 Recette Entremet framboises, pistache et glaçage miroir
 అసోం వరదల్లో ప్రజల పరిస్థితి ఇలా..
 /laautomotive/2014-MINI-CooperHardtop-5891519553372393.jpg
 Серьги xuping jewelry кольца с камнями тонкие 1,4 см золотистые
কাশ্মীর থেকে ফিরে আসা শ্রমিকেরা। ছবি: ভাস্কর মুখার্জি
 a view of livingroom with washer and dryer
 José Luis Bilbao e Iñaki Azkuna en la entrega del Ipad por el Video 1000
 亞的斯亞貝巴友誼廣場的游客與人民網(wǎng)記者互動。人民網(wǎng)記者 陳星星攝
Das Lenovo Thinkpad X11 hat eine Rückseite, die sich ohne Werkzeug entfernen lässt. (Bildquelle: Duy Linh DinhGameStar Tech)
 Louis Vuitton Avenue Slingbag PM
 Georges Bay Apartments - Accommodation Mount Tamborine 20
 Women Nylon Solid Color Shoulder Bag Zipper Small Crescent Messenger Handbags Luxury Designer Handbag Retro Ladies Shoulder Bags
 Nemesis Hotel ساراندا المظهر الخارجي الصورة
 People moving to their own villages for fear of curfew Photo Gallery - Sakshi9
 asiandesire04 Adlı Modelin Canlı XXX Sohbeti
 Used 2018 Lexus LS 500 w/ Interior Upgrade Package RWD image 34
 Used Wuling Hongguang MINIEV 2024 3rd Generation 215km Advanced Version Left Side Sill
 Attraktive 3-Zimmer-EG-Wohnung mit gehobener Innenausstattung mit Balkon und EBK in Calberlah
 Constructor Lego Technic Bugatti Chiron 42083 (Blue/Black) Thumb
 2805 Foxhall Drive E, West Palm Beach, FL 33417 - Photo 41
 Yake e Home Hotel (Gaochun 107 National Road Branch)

^^^^

◆ **ACTIVITY**
Reproduce, word for word, the lines of the data from the one that contains "Constructor Lego Technic" to the end, both ends included.

◆ **YOUR SOLUTION**
 Constructor Lego Technic Bugatti Chiron 42083 (Blue/Black) Thumb
 2805 Foxhall Drive E, West Palm Beach, FL 33417 - Photo 41
 Yake e Home Hotel (Gaochun 107 National Road Branch)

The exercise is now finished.